### Aim of the task
From the line containing "Kouva 2 Drawer Nightstand" to the very last line of the data below, transcribe everything exactly and nothing more.

──────

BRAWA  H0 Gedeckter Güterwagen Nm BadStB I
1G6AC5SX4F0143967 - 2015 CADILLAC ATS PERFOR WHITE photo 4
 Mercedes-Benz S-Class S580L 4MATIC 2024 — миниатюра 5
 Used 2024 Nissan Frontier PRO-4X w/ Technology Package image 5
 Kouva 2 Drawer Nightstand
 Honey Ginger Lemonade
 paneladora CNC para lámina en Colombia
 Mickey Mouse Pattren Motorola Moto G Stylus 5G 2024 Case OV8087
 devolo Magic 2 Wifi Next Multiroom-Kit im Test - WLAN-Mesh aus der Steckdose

──────

### Response to the task
 Kouva 2 Drawer Nightstand
 Honey Ginger Lemonade
 paneladora CNC para lámina en Colombia
 Mickey Mouse Pattren Motorola Moto G Stylus 5G 2024 Case OV8087
 devolo Magic 2 Wifi Next Multiroom-Kit im Test - WLAN-Mesh aus der Steckdose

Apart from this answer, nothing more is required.